The reactivity addition at end of life due to an attempt to open stop valves when the inactive loop temperature is less than the core temperature is smaller than the reactivity addition considered in the above beginning-of-life case. The temperature-reduction analysis demonstrated that the net reactivity addition was less than one half of the minimum shutdown margin required by Technical Specifications.

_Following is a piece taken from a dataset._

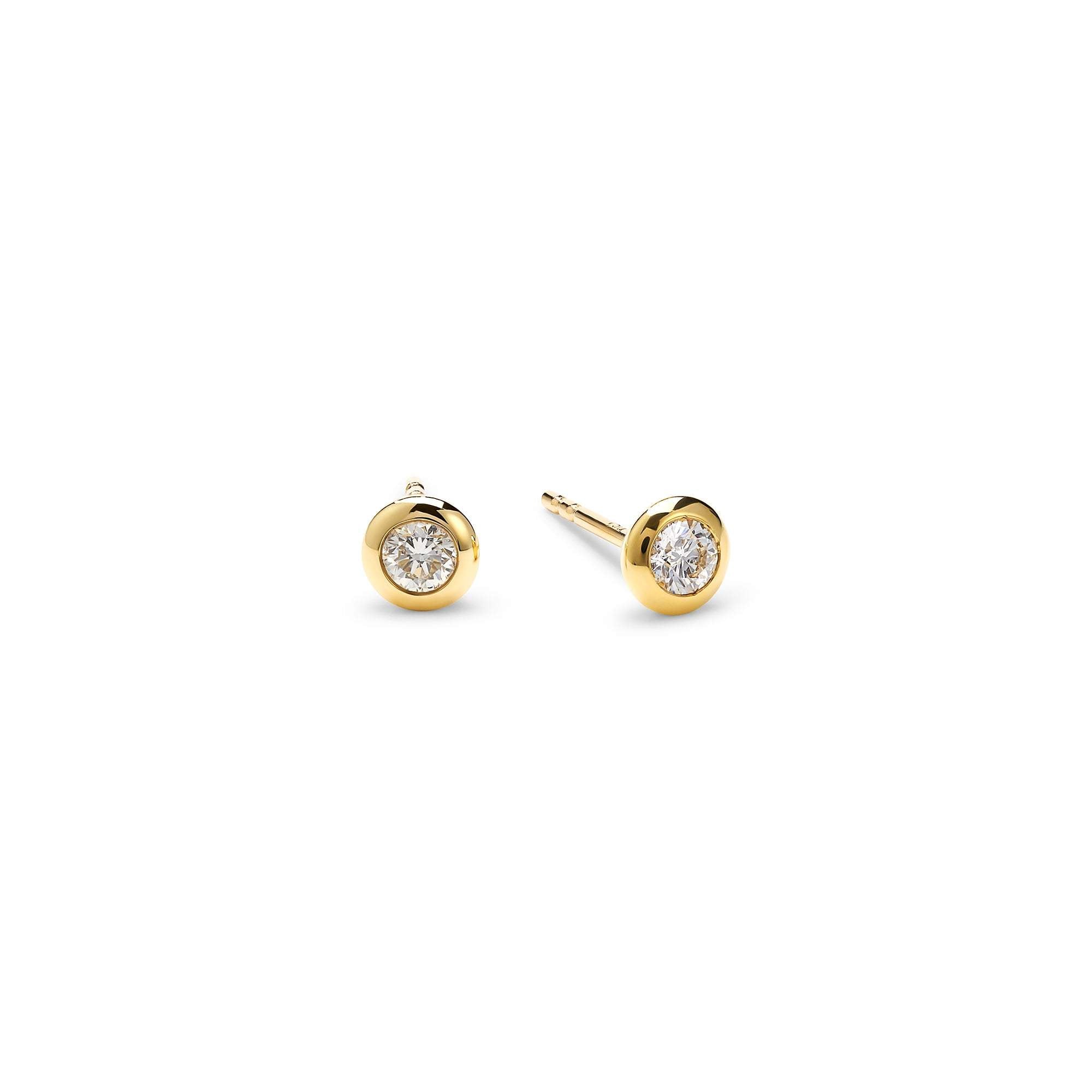 Diamond Bezel Set Earrings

15.2.6.4 Conclusions The current SUIL design and licensing bases credit Technical Specification controls to preclude the possibility of a significant inadvertent reactivity addition during or following loop stop valve operations. Because startup of an inactive loop is a deliberate action under operator control governed by Technical Specifications, the sequence of operator errors required for a SUIL event to occur is considered non-credible. The administrative procedures governed by Technical Specifications ensure that the isolated loops temperature and boron concentration are brought to equilibrium with the remainder of the system at a slow rate. However, an analysis of the reactivity effects of the loop stop valve bypass line recirculation activity required by Technical Specifications has been performed assuming a conservatively large and non-credible boron concentration differential between the isolated loop and the active portion of the RCS. The

Revision 56--Updated Online 09/30/20 NAPS UFSAR 15.2-25 analysis demonstrates that the reactivity addition rate is slow enough to allow the operator to take corrective action before shutdown margin is lost.

In addition, an analysis has been performed to evaluate the reactivity effects of loop stop valve operation with reduced coolant temperature in the isolated loop. Neither the inadvertent opening of a loop stop valve nor the loop stop valve bypass line recirculation activity required by Technical Specifications presents any concerns relative to loss of shutdown margin under conditions of reduced isolated loop temperature.

15.2.7 Loss of External Electrical Load and/or Turbine Trip 15.2.7.1 Identification of Causes and Accident Description Major load loss on the plant can result from loss of external electrical load or from a turbine trip. For either case, offsite power is available for the continued operation of plant components such as the reactor coolant pumps. The case of loss of all ac power is analyzed in Section 15.2.9.

For a turbine trip, the reactor would be tripped directly (unless below approximately 30%

power) from a signal derived from the turbine autostop oil pressure and turbine stop valves. The automatic steam dump system would accommodate the excess steam generation. Reactor coolant temperatures and pressure do not significantly increase if the steam dump system and pressurizer pressure control system are functioning properly. If the turbine condenser was not available, the excess steam generation would be dumped to atmosphere. Additionally, main feedwater flow would be lost if the turbine condenser was not available. For this situation, feedwater flow would be maintained by the auxiliary feedwater system.

For a loss of external electrical load without subsequent turbine trip, no direct reactor trip signal would be generated. The plant is designed to accept a 50% step loss of load without actuating a reactor trip. The automatic steam bypass system with 40% steam dump capacity to the condenser was designed to accommodate this load rejection by reducing the transient imposed upon the reactor coolant system. The reactor power is reduced to the new equilibrium power level at a rate consistent with the capability of the rod control system. The pressurizer relief valves may be actuated, but the pressurizer safety valves and the steam generator safety valves do not lift for the 50% load rejection with steam dump. Refer to Section 7.7.1.8 for the steam dump control design.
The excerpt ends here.